Records supplied:
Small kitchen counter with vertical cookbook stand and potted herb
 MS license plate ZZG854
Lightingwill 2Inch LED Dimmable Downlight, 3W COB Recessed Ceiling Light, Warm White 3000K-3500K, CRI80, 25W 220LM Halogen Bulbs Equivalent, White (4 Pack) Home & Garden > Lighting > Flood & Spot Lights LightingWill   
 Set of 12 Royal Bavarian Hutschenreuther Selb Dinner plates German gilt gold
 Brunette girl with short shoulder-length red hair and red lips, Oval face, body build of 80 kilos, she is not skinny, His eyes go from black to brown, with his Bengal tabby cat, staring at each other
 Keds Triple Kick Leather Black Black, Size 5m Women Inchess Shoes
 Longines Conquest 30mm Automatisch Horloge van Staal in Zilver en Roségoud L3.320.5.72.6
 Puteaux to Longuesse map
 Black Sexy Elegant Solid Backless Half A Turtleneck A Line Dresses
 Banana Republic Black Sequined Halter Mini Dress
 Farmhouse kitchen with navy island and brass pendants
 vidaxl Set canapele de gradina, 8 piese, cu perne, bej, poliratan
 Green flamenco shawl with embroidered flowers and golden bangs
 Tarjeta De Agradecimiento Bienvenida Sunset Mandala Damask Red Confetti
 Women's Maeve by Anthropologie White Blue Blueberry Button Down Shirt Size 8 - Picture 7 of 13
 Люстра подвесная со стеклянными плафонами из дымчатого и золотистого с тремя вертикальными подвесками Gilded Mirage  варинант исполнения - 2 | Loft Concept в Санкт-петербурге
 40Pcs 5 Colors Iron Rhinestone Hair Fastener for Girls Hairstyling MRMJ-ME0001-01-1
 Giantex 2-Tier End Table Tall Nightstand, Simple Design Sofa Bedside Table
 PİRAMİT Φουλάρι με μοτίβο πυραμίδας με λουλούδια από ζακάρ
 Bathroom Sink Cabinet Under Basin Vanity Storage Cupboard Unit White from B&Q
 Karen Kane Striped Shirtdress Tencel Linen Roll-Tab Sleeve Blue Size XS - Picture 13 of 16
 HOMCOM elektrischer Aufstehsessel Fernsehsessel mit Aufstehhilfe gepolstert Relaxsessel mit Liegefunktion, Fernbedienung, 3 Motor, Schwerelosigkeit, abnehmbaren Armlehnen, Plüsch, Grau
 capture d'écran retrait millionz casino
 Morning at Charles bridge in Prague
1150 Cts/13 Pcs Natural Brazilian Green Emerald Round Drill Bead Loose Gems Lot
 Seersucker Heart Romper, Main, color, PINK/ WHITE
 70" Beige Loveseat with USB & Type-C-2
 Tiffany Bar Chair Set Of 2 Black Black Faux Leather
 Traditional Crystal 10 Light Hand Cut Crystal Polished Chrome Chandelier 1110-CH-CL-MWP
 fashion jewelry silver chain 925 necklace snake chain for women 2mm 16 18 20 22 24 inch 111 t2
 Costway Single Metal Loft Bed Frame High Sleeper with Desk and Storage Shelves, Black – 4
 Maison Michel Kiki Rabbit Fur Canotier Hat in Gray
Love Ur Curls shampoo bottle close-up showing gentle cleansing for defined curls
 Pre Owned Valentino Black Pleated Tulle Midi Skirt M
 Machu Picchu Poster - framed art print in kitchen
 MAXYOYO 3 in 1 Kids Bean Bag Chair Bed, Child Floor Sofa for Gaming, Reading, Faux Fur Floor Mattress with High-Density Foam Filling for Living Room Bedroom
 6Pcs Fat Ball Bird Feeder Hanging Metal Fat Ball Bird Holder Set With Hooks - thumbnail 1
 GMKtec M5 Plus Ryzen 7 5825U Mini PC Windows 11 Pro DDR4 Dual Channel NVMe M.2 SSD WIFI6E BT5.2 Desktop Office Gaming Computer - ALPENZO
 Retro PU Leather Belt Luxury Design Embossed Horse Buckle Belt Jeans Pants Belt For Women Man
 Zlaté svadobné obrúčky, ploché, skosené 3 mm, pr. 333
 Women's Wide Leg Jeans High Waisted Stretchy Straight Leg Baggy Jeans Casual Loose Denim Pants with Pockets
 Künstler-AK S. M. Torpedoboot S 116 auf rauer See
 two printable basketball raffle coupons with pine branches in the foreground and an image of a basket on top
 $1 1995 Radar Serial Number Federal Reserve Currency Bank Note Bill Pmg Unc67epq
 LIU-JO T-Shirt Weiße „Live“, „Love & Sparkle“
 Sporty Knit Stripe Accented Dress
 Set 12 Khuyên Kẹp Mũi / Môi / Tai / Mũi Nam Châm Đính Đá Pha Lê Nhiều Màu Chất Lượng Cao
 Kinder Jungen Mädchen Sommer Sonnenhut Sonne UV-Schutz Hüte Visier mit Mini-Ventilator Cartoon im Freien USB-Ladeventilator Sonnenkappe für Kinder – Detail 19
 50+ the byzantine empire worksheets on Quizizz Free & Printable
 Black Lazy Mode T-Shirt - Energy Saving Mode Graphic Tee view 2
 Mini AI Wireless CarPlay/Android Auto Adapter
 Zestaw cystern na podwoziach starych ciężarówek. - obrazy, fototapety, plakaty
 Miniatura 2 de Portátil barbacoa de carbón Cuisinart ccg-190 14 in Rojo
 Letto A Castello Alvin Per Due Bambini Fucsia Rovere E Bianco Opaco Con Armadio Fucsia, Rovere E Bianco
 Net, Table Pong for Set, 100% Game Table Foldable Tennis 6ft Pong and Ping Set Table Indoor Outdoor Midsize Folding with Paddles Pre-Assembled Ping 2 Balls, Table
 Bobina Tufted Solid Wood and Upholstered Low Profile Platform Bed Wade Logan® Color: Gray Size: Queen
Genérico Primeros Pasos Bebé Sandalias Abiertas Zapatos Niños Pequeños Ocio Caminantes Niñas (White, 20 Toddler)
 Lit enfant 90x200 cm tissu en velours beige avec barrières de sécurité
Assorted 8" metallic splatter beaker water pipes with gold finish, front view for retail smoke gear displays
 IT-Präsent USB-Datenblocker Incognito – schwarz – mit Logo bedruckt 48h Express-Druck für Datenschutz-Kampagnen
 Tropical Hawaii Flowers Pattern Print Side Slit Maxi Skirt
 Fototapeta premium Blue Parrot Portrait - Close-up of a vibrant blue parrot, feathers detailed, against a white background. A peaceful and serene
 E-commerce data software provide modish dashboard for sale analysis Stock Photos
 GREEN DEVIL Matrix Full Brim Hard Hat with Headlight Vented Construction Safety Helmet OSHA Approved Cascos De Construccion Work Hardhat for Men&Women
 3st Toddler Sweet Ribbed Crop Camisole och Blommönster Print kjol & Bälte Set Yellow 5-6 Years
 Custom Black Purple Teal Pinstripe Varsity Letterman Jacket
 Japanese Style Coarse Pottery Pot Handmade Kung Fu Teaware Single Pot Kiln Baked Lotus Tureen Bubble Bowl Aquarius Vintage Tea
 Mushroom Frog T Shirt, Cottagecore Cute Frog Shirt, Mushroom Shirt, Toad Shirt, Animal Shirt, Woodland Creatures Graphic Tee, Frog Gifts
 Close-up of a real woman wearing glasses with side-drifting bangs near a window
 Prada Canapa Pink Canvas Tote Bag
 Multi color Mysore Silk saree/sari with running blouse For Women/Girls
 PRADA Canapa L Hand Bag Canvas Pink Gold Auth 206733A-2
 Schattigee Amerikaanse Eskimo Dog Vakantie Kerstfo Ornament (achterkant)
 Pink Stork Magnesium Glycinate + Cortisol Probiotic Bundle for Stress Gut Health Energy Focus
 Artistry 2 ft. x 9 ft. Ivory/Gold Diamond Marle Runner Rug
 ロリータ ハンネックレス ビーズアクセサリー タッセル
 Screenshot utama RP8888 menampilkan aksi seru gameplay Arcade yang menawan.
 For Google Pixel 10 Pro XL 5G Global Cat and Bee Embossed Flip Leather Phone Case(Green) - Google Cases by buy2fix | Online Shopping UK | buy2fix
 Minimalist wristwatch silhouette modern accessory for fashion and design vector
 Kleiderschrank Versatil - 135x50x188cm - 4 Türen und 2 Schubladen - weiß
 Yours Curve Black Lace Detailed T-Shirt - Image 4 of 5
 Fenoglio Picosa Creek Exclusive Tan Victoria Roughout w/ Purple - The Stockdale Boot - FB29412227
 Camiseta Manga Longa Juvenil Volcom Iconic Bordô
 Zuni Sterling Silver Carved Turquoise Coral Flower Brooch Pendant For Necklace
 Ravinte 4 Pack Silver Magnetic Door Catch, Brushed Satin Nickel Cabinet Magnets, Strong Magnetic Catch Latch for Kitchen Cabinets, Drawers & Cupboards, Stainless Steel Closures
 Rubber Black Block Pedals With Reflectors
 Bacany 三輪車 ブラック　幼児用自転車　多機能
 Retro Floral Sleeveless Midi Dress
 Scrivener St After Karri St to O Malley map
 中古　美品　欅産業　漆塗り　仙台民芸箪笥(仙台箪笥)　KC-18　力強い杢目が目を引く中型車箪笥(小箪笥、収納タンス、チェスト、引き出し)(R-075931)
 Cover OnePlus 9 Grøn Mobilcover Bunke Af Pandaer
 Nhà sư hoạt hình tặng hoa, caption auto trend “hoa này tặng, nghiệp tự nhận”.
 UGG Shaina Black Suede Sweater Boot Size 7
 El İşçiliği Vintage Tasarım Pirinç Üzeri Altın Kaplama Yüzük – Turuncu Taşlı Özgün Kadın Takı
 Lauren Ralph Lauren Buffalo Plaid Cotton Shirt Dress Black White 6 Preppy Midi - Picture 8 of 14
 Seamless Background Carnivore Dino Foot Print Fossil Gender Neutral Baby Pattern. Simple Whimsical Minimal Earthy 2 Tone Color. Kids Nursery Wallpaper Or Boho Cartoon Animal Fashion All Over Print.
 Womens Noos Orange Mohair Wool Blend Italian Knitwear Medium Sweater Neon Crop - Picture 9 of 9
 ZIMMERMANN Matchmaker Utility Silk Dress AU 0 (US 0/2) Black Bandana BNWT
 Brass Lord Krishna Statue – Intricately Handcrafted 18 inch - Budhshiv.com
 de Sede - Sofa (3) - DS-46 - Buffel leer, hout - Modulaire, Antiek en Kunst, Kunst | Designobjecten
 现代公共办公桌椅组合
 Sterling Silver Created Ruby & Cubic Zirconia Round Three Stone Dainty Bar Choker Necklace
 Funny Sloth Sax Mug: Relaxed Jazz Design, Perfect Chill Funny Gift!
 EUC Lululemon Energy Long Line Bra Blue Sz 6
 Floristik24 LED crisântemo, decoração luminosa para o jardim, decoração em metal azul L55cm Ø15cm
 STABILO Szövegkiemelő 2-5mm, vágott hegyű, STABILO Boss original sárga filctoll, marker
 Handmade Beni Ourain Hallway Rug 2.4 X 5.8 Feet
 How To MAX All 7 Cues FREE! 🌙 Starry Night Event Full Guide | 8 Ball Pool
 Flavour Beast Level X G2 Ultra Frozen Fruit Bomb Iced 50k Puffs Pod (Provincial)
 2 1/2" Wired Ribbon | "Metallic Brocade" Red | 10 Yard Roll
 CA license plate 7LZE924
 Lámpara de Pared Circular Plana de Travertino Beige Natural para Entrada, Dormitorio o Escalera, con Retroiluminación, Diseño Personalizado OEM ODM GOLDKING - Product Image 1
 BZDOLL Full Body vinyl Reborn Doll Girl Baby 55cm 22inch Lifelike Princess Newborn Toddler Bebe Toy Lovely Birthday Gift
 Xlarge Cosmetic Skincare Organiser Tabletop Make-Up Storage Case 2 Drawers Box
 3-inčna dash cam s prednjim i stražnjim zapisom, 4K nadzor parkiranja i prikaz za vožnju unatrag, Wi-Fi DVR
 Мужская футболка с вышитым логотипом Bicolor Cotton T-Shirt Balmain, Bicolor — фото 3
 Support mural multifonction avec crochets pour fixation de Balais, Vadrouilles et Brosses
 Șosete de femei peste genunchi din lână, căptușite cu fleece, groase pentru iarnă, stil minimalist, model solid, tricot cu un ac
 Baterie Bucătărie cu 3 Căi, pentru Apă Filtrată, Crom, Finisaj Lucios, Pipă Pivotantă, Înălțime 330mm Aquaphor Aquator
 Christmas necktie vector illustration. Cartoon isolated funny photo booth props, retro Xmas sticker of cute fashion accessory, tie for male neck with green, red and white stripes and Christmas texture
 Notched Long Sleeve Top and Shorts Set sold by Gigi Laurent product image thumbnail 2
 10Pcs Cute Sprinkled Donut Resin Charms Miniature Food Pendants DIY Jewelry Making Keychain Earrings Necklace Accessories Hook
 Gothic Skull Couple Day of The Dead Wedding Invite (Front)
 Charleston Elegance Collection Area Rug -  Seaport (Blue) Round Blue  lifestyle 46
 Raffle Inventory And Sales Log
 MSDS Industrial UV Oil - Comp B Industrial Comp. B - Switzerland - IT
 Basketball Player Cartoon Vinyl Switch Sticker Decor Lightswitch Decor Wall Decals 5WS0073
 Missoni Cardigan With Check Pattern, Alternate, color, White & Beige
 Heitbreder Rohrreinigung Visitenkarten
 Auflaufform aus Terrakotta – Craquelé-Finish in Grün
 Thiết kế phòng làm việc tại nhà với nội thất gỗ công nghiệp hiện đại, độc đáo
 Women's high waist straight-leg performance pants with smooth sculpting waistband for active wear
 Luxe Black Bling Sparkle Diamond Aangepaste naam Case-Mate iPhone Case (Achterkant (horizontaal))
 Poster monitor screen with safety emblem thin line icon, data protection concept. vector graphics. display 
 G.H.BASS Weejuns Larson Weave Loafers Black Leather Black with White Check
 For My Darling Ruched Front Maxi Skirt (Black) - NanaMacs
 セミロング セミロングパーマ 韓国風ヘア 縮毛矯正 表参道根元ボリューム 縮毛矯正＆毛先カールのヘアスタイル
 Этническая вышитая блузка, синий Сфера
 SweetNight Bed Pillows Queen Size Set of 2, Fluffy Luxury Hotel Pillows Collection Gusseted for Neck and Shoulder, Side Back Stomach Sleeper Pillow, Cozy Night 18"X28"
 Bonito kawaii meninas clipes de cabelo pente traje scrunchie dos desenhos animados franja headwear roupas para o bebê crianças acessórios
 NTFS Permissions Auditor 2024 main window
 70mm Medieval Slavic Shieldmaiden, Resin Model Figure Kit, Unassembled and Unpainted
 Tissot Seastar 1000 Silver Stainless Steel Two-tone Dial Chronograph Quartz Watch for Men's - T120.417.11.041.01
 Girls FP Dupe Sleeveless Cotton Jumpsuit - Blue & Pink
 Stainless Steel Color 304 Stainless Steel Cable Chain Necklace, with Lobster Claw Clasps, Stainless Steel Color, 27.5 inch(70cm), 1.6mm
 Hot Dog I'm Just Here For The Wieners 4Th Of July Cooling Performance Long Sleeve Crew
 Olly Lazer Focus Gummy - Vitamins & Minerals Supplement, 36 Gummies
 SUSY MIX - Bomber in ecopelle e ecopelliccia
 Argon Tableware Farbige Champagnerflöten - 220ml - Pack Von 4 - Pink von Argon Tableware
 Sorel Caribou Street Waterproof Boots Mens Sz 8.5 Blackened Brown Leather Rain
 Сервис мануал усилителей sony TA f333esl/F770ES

Exercise instructions: Please filter the entries for the word "Sterling" and copy the lines that have it.

Solution:
 Zuni Sterling Silver Carved Turquoise Coral Flower Brooch Pendant For Necklace
 Sterling Silver Created Ruby & Cubic Zirconia Round Three Stone Dainty Bar Choker Necklace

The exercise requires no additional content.